|Justin Martyr, a Samarian Christian, burned at the stake in Rome by order of the Prefect Rusticus|
Ask the martyrs.
You cannot force someone to believe otherwise if they have chosen to remain firm in their convictions.
No amount of yelling, demonizing, cajoling or even isolation will bring someone over to your side if they are adamantly opposed to what you believe.
So why try?
Yet that is exactly what Christians have been doing since Jerry Falwell founded the Moral Majority with Paul Weyrich in the late 1970’s.
The Moral Majority, making common cause with millions of evangelical believers, decided that the great moral failings of the American people could be righted through the political process and the passage of laws designed to police immoral behavior.
It all sounded too good to be true, and as it turns out, it was.
Albert Mohler, longtime head of the Southern Baptist Theological Seminary has called the election results from last week a “moral catastrophe.”
They are only a catastrophe if you believe the church ought to be in the business of trying legislate our views, instead of lovingly trying to persuade people that Jesus offers them a better path, not just temporally, but eternally.
I wonder if we Christians, tired of seeing people reject our worldview, have decided that the best way to bring people to our point of view is through the force of the ballot box.
Is it possible, because we have been unable to get people to see the world as we do, that rather than reconsider our methods, we have unwittingly outsourced Jesus to the politicians?
Have we decided that since we cannot persuade dissenters to our side, we are instead no different from the Roman Empire that wrote them off through execution?
Whatever happened to humbly considering others “as better than ourselves,” as the Apostle Paul called us to do in Chapter 2 of his Epistle to the Philippians? How about having the same mindset as Jesus?
As followers of Jesus, we have an incredible message of love, redemption and acceptance. The message of Jesus is not one of contempt, hate and disgust. Yet for many, who disagree with our views, that is how we treat them.
As Christians, we celebrate the martyrs of our faith. We marvel at how they stood up against the power of the state, bravely accepting death. They are our heros... men like Thomas, Paul, Peter... women like Perpetua, Felicity and Joan of Arc... and of course, Justin, Ignatius and Origen.
Yet we have forgotten the lessons those great men and women of faith taught us.
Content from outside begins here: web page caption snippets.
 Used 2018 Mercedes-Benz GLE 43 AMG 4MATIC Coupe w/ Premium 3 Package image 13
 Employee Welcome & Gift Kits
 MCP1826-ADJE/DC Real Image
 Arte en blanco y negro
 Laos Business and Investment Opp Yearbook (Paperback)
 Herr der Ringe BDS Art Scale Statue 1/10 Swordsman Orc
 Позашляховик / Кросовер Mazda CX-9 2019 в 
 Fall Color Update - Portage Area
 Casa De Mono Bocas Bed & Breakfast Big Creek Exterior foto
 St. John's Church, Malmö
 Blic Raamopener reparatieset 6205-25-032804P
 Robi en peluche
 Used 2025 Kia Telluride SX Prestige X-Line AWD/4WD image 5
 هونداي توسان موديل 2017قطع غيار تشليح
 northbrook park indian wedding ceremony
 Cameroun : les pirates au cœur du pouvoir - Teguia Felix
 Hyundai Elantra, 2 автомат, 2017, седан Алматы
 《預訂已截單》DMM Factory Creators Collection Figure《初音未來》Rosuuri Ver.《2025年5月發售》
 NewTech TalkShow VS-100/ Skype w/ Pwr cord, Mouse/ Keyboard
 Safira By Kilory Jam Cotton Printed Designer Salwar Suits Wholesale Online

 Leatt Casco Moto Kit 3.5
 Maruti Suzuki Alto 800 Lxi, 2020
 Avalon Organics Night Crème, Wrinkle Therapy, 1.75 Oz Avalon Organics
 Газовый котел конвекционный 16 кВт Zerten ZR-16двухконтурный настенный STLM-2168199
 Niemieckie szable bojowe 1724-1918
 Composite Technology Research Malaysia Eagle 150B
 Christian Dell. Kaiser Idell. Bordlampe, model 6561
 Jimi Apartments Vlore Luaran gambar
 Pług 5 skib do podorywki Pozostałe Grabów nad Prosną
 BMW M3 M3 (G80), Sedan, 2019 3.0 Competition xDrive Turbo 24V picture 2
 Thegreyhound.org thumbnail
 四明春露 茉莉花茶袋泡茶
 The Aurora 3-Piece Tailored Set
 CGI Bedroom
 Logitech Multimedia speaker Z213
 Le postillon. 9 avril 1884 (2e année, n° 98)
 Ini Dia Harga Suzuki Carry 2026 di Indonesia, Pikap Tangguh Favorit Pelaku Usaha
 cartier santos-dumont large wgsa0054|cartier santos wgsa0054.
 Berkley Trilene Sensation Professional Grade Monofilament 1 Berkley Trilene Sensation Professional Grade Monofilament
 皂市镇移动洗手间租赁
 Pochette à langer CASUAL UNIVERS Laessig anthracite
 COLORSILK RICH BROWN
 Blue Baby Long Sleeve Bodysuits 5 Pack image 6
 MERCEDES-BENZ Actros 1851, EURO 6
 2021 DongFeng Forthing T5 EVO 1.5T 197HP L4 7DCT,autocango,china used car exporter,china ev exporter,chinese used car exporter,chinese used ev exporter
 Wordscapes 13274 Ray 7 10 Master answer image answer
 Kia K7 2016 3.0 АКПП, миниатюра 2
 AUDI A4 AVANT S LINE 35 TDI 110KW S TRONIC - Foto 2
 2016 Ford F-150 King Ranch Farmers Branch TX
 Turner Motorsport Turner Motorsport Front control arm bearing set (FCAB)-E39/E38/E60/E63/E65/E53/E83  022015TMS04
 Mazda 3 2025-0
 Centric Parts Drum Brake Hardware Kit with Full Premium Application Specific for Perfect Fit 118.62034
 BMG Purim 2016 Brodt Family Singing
Force will never win out in the battle for the hearts and minds of the committed.
If we want to convince others of the truth of Christ, and expect to see life change in people on a daily basis, we can’t force it, as the Pharisees found out.
Maybe, just maybe, if we looked to Paul’s admonition, we would not need the power of the ballot box, or any other kind of force to convince people, because they would see it in our lives.
Now that would be a powerful antidote to a moral catastrophe.